Question

How do you solve ${x^2} - 6x = 0$ ?

Answer 1

Hint: In this type of problems, first we need to rewrite the given expression(if necessary) in general form of quadratic equation given by: $a{x^2} + bx + c = 0$, now to find the roots we can make use of the quadratic formula given by: $x = \dfrac{{ - b \pm \sqrt {{b^2} - 4ac} }}{{2a}}$. So by making use of this formula we can easily solve the given expression.
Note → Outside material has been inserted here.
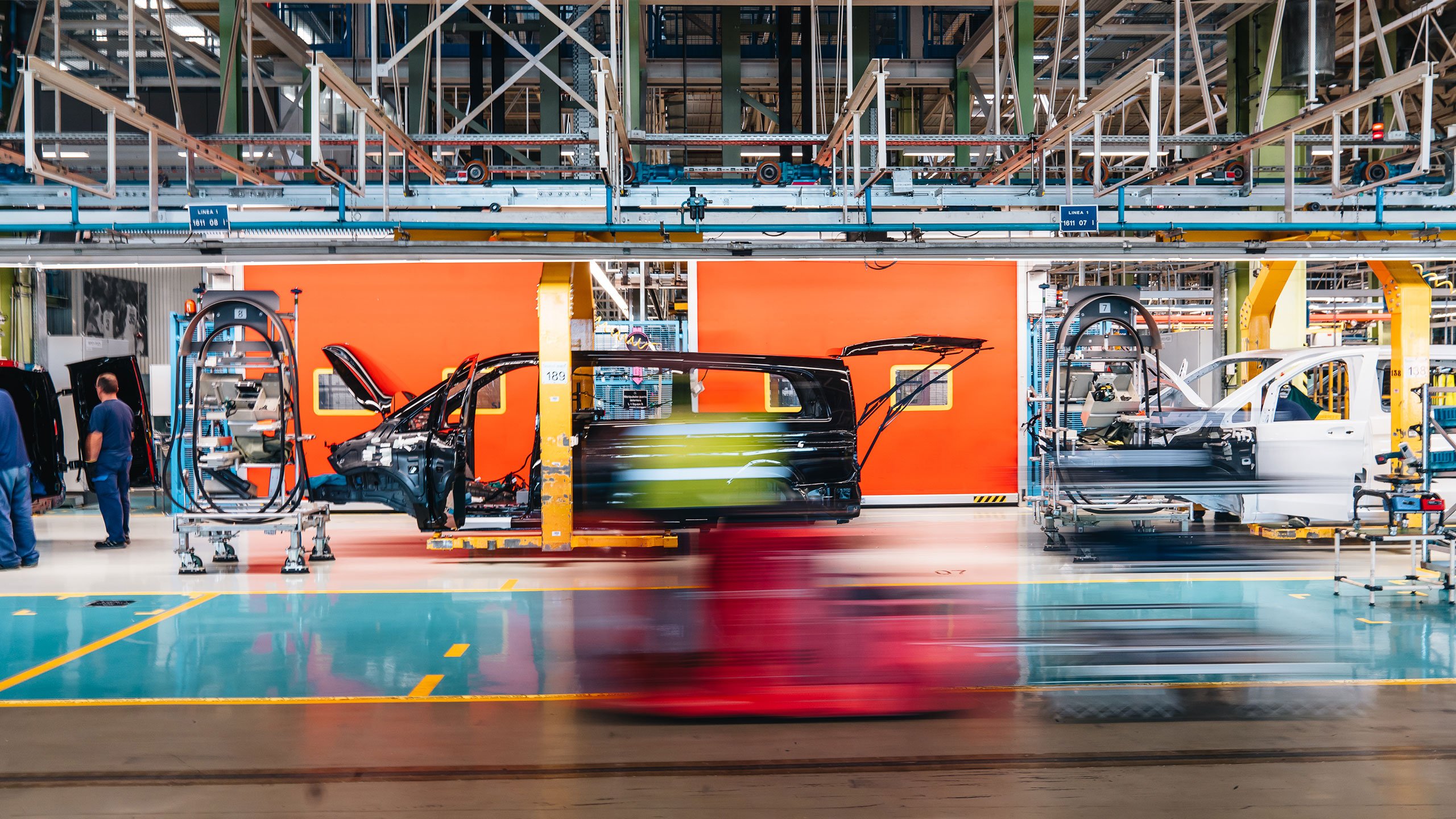 Un Mercedes-Benz Vito nero sulla linea di assemblaggio scocca dello stabilimento di produzione Un Mercedes-Benz Vito nero sulla linea di assemblaggio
Complete step by step answer:
Here in this question they have given an expression which is ${x^2} - 6x = 0$ to solve using quadratic formula.
The general or standard form of the quadratic equation is given by: $a{x^2} + bx + c = 0$ where $a,b,c$ are constant values. Now we need to rewrite the given expression in the general form.
Therefore, the given equation ${x^2} - 6x = 0$ can be written as
 ${x^2} - 6x + 0 = 0$ (Here the value of $c$ is not given which can be written as 0 for simplification purposes).
Now compare the equation ${x^2} - 6x + 0 = 0$ with the general form $a{x^2} + bx + c = 0$ we have $a = 1$ , $b = - 6$ and $c = 0$.
Now to find the roots of $x$ we can make use of the quadratic formula given by: $x = \dfrac{{ - b \pm \sqrt {{b^2} - 4ac} }}{{2a}}$.
Substitute the values $a = 1$ , $b = - 6$ and $c = 0$ in the above equation, we get
$x = \dfrac{{ - ( - 6) \pm \sqrt {{{( - 6)}^2} - 4 \times 1 \times 0} }}{{2 \times 1}}$
$ \Rightarrow x = \dfrac{{6 \pm \sqrt {36} }}{2}$ Here, $36$ can be written as ${6^2}$.
$ \Rightarrow x = \dfrac{{6 \pm \sqrt {{6^2}} }}{2}$
Square and square root get cancelled in the above expression, we get
$ \Rightarrow x = \dfrac{{6 \pm 6}}{2}$ Which is having two roots.
Now simplify for the roots of $x$ , we have
$ \Rightarrow x = \dfrac{{6 + 6}}{2}$ $ \Rightarrow x = \dfrac{{6 - 6}}{2}$

On simplifying the above expression, we get
$x = 6$ and $x = 0$ as the roots of the given equation ${x^2} - 6x = 0$

Note:
Whenever we have this type of problem we can easily find the roots by using the quadratic formula but you need to remember the formula correctly. Here the simplification part is a bit difficult but you can simplify step by step to get the correct answer.